Wrong Conditional Distributions Sensitivity #34

Closed ganevgv closed 3 years ago

ganevgv commented 3 years ago

Description

I believe the sensitivity of the conditional distributions is wrong and as a result you're injecting too little noise to the conditional distributions in the correlated attribute mode with enabled epsilon.

In Algorithm 1 in PrivBayes, the stated sensitivity is 2 / n_tuples because the Laplace noise is added to the joint probability (as the probability is already materialised). However, you apply the Laplace noise to the counts (as opposed to a probability) which have sensitivity of 2 (and not 2 / n_tuples). Only later you normalise the counts to materialise the conditional probability. As a result, you're injecting too little noise to the conditional probabilities.

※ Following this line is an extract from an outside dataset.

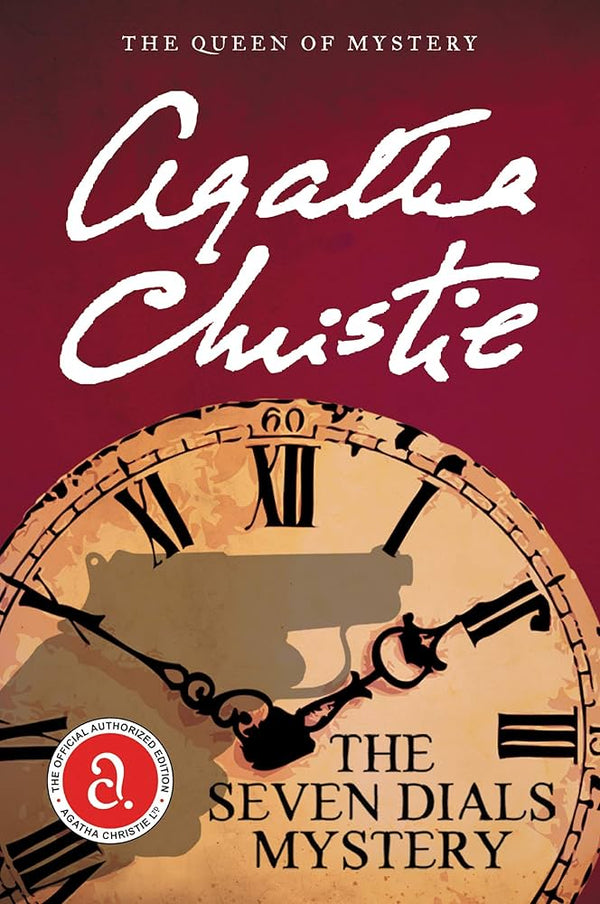 The Seven Dials Mystery By Agatha Christie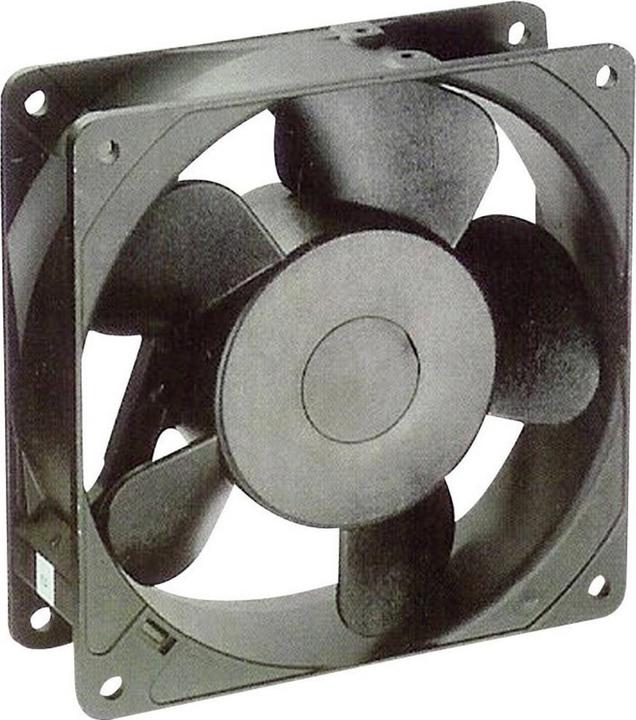 Immagine prodotto NMB Minebea 4715MS-23T-B5A Ventilatore assiale 230 V/AC 174 m³/h (L x L x H) 119 x 119 x 119 x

Code excerpts from DataSynthesizer/lib/PrivBayes.py:

# Applying Laplace to the counts:
noise_para = laplace_noise_parameter(k, num_attributes, num_tuples, epsilon)
# with noise_para = 2 * (num_attributes - k) / (num_tuples * epsilon)
laplace_noises = np.random.laplace(0, scale=noise_para, size=stats.index.size)
stats['count'] += laplace_noises

# Normalising counts to a probability distribution:
dist = normalize_given_distribution(stats_sub['count']).tolist()

In order to inject the correct amount of noise 2 * (num_attributes - k) / (num_tuples * epsilon) should be changed to 2 * (num_attributes - k) / epsilon.

PS: thanks to @sofiane87 and @bristena-op for the helpful discussions and clarifications.

haoyueping commented 3 years ago

Thanks for your feedback and for reporting this error in the Laplace noise parameter. This bug has been fixed in 540a442867dd278a74af4c8f488fc6fadce7088a where the parameter is (num_attributes - k) / epsilon. In this setting, 1 is chosen as the sensitivity of count values.

reslbesl commented 3 years ago

I think that the new version should retain a sensitivity of 2 and only remove the factor of 1/num_tuples See also this blog post on how to reason about the correct sensitivity of count queries: https://github.com/frankmcsherry/blog/blob/master/posts/2018-02-25.md

haoyueping commented 3 years ago

The sensitivity of count queries can be either 1 or 2 depending on how the privacy of an individual is interpreted. The sensitivity of 1 corresponds to the "standard" definition of Differential Privacy, i.e., whether an individual is present or absent from the dataset. Please correct me if I'm wrong. The blog https://github.com/frankmcsherry/blog/blob/master/posts/2018-02-25.md uses the sensitivity of 2 assuming that the values of an individual are altered in neighboring datasets.

ganevgv commented 3 years ago

Thanks for your quick reply and fix @haoyueping! I'm closing the issue.

Re: sensitivity 1 or 2 - you're right, it could be either depending on the interpretation. Technically, I think in PrivBayes they use 2, but personally I'm okay with either.